West of the High Cascades lies a second belt, parallel and slightly wider, composed of older volcanic rocks ranging in age born Eocene to Upper Miocene. It is customary to speak of this belt as the Western Cascades. Here the conical peaks characteristic of the High Cascades are conspicuous by their absence; here there are no original volcanic slopes. Westward-flowing rivers with headwaters among the High Cascades, such as the Rogue and the Umpqua, have cut deep canyons across the gently folded rocks of the Western Cascades, and subsequent tributaries have carved broad north-south valleys along the strike. In contrast with the youthful topography of the High Cascades, the topography here is mature or submature. It is a region of narrow-crested, winding ridges. By reason of these contrasts, the accustomed eye has no difficulty in following from afar the boundary between the two belts.
Beyond the Western Cascades, on the distant sky line, rise the rugged peaks of a third region, the Klamath-Siskiyou Mountains, composed for the most part of Jurassic and older schists intruded by large bodies of igneous rock ranging in character from, serpentine to granite. This metamorphic and igneous series makes up the so-called “bedrock complex” beneath the Western and High Cascades. Undoubtedly such rocks pass beneath Crater Lake, for they reappear from below the Tertiary volcanic cover in eastern Oregon. Since Cretaceous time, all but the fringe of the Klamath-Siskiyou Mountains have remained above the sea, and though suffering erosion throughout that period, the mountains have continued to rise.

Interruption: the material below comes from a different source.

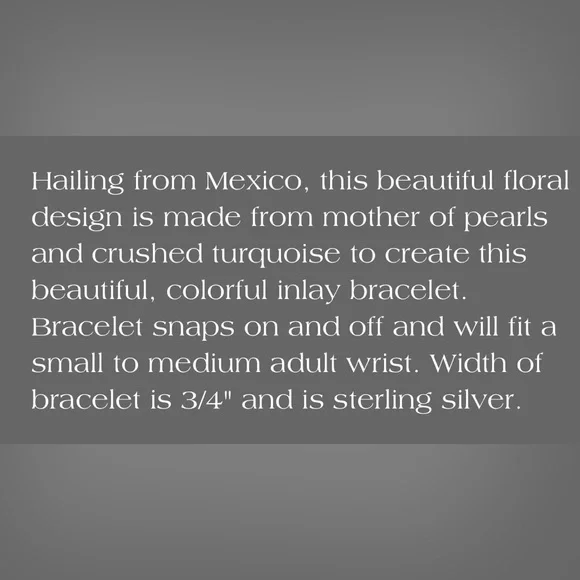 Taxco México Beautiful Vintage Flower Inlay Bracelet - Picture 7 of 7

The topographic contrasts between the three provinces just described, striking as they are, seem small in comparison with that which distinguishes the fourth, for when the observer turns eastward, away from the “sea of peaks and ridges,” he looks on an immense plateau of basalt, relieved here and there by steepscarped, tilted fault-block mountains. This is the Interior Platform, which stretches northward into Washington and eastward, beyond the range of vision, into Idaho. Much of its surface is composed of Pliocene basalt, but where the plateau is entrenched by deep box canyons the older, gently folded Tertiary volcanic rocks are exposed. These pass beneath the High Cascade lavas and interfinger with the volcanic deposits of the Western Cascades.